* _Problem to work on_
In the following material, identify every line holding the string "image" and return it.

* _Given records_
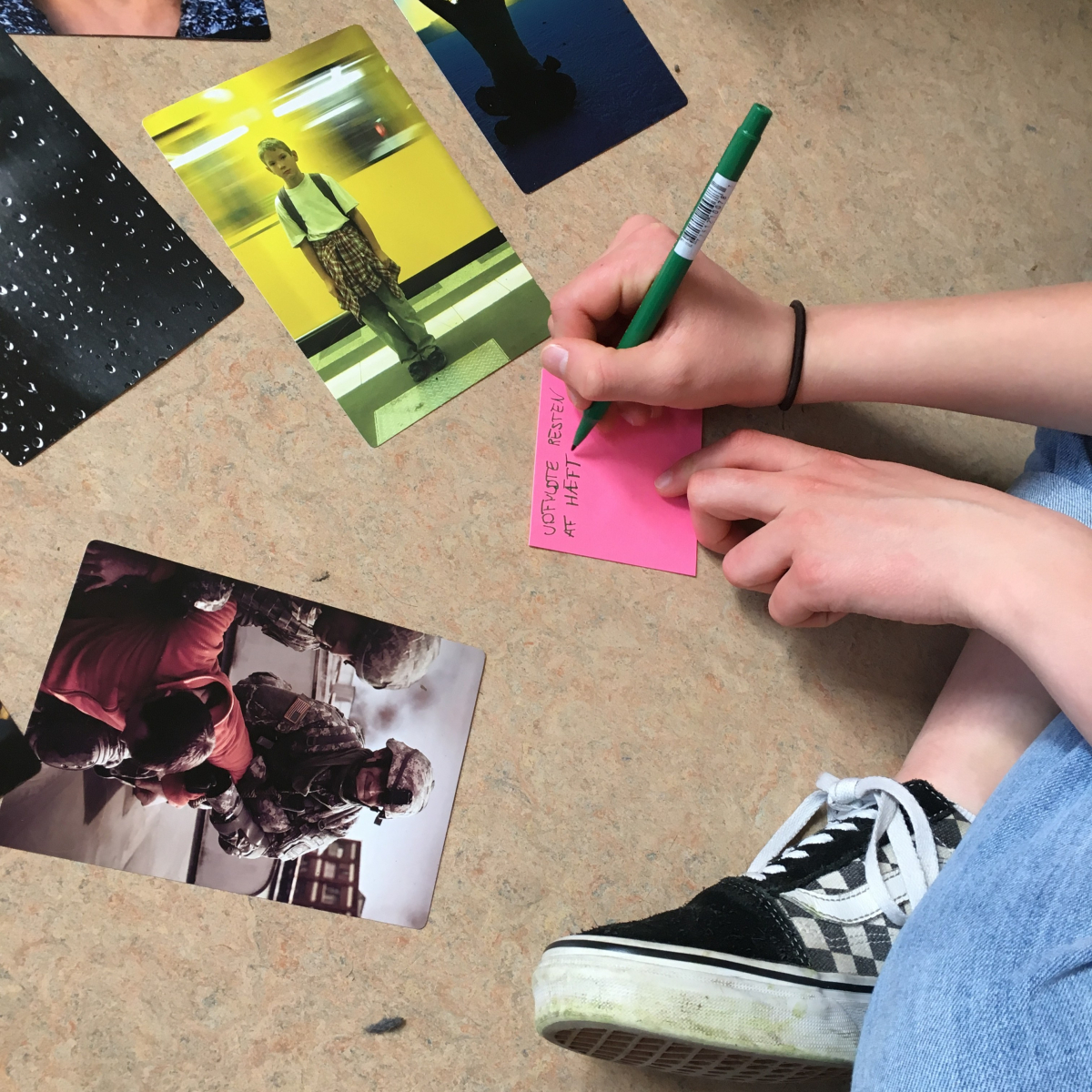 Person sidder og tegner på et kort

--

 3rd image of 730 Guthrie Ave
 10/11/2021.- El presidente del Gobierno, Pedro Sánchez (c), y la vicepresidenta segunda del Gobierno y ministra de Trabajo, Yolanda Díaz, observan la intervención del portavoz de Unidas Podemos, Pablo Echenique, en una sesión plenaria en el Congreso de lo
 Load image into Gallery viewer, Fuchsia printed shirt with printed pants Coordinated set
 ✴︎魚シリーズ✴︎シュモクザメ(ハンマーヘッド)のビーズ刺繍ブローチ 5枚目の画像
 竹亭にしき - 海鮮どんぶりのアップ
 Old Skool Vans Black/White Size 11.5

* _Result for this task_
 3rd image of 730 Guthrie Ave
 Load image into Gallery viewer, Fuchsia printed shirt with printed pants Coordinated set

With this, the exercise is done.